§ **What needs to be done**:
Output only the stretch of the listing that starts at the line containing "정수빈, 사망한 김현주" and ends at the line containing "7204L50J8-IDTFIFO洢оƬ", reproduced exactly with both ends.

§ **Raw data**:
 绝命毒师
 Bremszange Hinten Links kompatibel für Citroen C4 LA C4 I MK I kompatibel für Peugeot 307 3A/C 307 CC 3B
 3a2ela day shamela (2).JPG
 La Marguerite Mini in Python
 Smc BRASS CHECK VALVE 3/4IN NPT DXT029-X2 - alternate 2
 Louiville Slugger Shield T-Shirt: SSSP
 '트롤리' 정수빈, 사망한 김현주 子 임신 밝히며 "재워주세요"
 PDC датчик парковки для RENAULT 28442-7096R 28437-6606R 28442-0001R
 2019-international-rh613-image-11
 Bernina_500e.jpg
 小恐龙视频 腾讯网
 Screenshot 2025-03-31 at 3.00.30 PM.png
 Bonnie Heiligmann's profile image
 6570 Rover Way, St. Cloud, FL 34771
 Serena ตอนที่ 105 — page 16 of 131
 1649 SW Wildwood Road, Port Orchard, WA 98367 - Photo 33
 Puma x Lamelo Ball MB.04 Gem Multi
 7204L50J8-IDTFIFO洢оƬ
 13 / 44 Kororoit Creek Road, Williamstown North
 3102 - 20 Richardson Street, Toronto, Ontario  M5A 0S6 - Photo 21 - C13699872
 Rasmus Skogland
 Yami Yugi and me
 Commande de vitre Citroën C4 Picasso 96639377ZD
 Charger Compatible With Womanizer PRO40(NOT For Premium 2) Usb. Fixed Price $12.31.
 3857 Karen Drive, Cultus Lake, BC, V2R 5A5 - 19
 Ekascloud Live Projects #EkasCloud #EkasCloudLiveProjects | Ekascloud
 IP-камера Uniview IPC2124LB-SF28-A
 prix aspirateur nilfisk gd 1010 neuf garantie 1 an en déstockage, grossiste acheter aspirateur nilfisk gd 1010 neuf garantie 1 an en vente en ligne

§ **Response to the exercise**:
 '트롤리' 정수빈, 사망한 김현주 子 임신 밝히며 "재워주세요"
 PDC датчик парковки для RENAULT 28442-7096R 28437-6606R 28442-0001R
 2019-international-rh613-image-11
 Bernina_500e.jpg
 小恐龙视频 腾讯网
 Screenshot 2025-03-31 at 3.00.30 PM.png
 Bonnie Heiligmann's profile image
 6570 Rover Way, St. Cloud, FL 34771
 Serena ตอนที่ 105 — page 16 of 131
 1649 SW Wildwood Road, Port Orchard, WA 98367 - Photo 33
 Puma x Lamelo Ball MB.04 Gem Multi
 7204L50J8-IDTFIFO洢оƬ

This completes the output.